Catch fish with Mike Ladle.

Catch Fish with
Mike Ladle

Information Page

SEA FISHING

For anyone unfamiliar with the site always check the FRESHWATER, SALTWATER and TACK-TICS pages. The Saltwater page now extends back as a record of over several years of (mostly) sea fishing and may be a useful guide as to when to fish. The Freshwater stuff is also up to date now. I keep adding to both. These pages are effectively my diary and the latest will usually be about fishing in the previous day or two. As you see I also add the odd piece from my friends and correspondents if I've not been doing much. The Tactics pages which are chiefly 'how I do it' plus a bit of science are also updated regularly and (I think) worth a read (the earlier ones are mostly tackle and 'how to do it' stuff).

13 April 2006

Italian fiasco (I mean archaeology trip).

Well, we're back from our holiday. Fantastic archaeology - much appreciated by my wife and even I was impressed by the scale of some Roman edifices. We stayed in an hotel about an hour from Naples (a big, rubbish strewn coastal city) and I found no time to fish. Although the little rod went everywhere with me (much to everyone's amusement) I only spent five minutes dangling a Mepps Mino from a pier on Capri but apart from attracting a shoal of ?wrasse - nothing!

However, I did see one or two interesting things. While waiting for the ferry in Naples harbour I saw several men fishing. They were all using the same tactics - short, telescopic rods and nylon line with a simple leger baited with a piece of bread flake about the size of a 50p piece. They fished straight down the wall and laid the rods down while waiting for bites (no one had a bite in the fifteen minutes I was watching). I presume that they were hoping for mullet. The water was deep and dirty as in any big ferry port. One bloke had a 'rod rest' permanently fixed to the butt of his rod - something I've never seen before.

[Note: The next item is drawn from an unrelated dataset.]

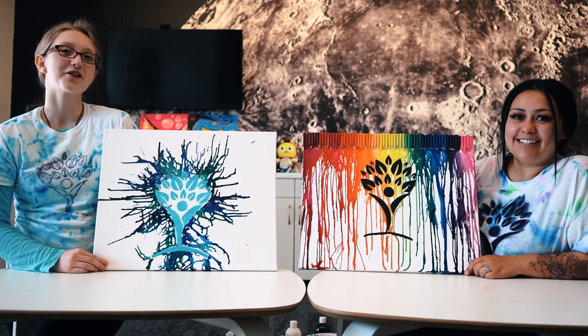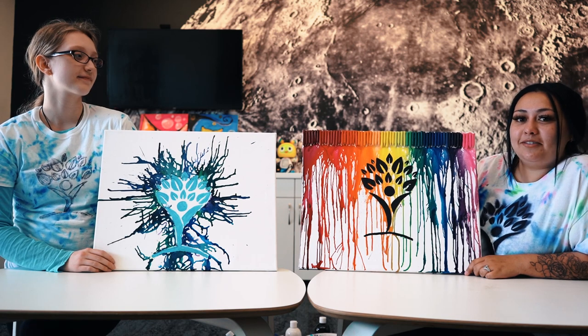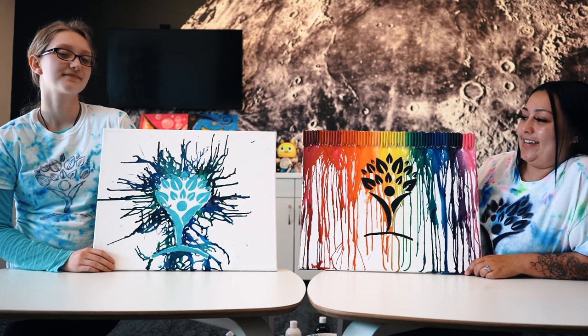Now that we've melted our crayons and it's dried, you're going to peel back your tape. Our tape didn't kind of melt off, so we went ahead and painted inside of our design. Have fun!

We visited a large eighteenth century 'palace' with a couple of big lakes in the grounds but I think that the carabinieri would have taken a dim view of me fishing for the goldfish, carp or black bass. (I was tempted to have a chuck).

On the whole the water was clear but it was obvious from the various sanitary items drifting in the sea that a substantial amount of untreated sewage found its way into the Bay of Naples. I saw lots of tiny brown and purple jellyfish that I've never seen before and there was a good deal of mussel farming activity (can't say that I fancied eating the mussels). Some locals were fishing from the rocks with long, thin rods but again I saw no bites. One or two people braved the risk of disease and were swimming in the sea.

Anyway, I shouldn't paint too gloomy a picture. The weather was wonderful and we had a fascinating holiday visiting sites that many people never get a chance to see. Hopefully, now we're back, I'll soon catch a few fish to illustrate the website.

If you have any comments or questions about fish, methods, tactics or 'what have you.'get in touch with me by sending an E-MAIL to - docladle@hotmail.com

Those were the days!

My picture is a bit fuzzy (perhaps not surprising after 2000 years).  Clearly the fishermen of Pompeii caught dogfish, electric ray, bass, gilthead, squid, octopus, gurnard,etc. etc.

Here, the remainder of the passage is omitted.